Penggugat sampai sewa excavator untuk menguburkan ayam-ayamnya
Aceh Barat Daya – Seorang peternak ayam broiler di Aceh Barat Daya menggugat Perusahaan Listrik Negara (PLN) sebesar Rp 1,7 miliar akibat pemadaman listrik bergilir yang menyebabkan puluhan ribu ayam miliknya mati mendadak. Gugatan ini telah dilayangkan ke Pengadilan Negeri Blangpidie pada 12 November 2025.
M. Hatta, warga Desa Blang Raja, Kecamatan Babahrot, sekaligus pemilik peternakan ayam di Kecamatan Susoh, mengalami kerugian besar setelah sekitar 19.500 ekor ayam broilernya mati akibat listrik yang padam pada akhir September 2025. Pemadaman ini mengakibatkan blower sirkulasi udara di kandang tidak berfungsi, sehingga ayam yang sangat bergantung pada sistem ventilasi mati dalam waktu singkat.

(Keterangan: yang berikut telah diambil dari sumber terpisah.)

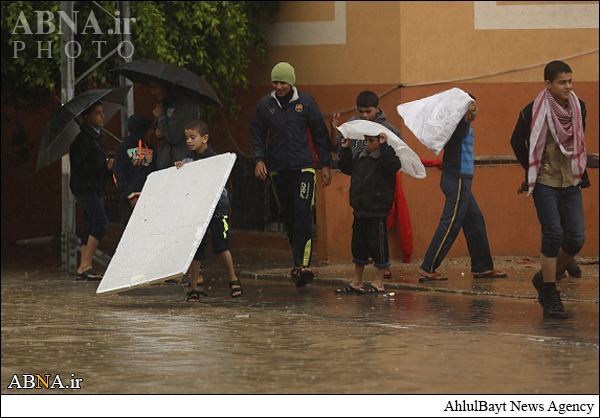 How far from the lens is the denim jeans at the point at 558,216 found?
9984 mm

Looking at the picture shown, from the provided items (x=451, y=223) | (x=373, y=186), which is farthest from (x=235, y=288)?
(x=451, y=223)

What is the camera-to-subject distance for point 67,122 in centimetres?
1323

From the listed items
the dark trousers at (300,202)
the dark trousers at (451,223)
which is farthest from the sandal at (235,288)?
the dark trousers at (451,223)

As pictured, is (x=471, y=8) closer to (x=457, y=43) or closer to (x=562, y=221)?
(x=457, y=43)

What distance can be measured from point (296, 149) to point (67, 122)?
227 centimetres

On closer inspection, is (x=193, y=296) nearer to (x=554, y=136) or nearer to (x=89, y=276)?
(x=89, y=276)

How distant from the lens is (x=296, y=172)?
12797mm

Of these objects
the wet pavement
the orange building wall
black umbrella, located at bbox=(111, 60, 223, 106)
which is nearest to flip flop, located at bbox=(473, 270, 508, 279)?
the wet pavement

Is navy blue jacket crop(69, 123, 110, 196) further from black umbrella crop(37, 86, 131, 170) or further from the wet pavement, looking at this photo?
the wet pavement

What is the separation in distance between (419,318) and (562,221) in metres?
1.29

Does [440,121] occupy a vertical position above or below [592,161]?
above

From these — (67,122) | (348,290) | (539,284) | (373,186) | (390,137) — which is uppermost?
(67,122)

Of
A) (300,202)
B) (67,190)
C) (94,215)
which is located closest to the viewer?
(300,202)

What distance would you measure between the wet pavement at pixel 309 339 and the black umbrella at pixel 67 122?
1.31 meters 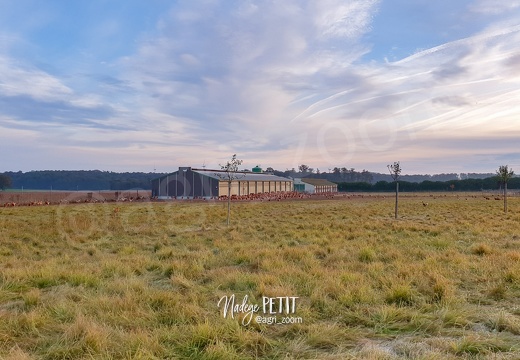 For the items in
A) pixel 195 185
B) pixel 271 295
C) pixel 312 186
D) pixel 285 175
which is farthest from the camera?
pixel 285 175

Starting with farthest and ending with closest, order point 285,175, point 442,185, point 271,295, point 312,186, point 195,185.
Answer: point 285,175 < point 442,185 < point 312,186 < point 195,185 < point 271,295

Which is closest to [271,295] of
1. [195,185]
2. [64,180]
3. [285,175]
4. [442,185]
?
[195,185]

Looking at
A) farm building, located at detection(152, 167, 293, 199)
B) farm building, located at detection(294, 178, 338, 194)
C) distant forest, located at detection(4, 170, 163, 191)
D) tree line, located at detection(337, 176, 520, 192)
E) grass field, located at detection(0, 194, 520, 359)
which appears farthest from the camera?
distant forest, located at detection(4, 170, 163, 191)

Hatta menceritakan bahwa pada 29 September listrik di wilayahnya mati bergilir sejak pukul 13.00 siang hingga malam total padam. Ia sempat menghubungi petugas PLN dan menyampaikan kekhawatirannya terkait kondisi ayam yang siap panen tersebut, namun tidak mendapatkan jawaban pasti kapan listrik akan kembali.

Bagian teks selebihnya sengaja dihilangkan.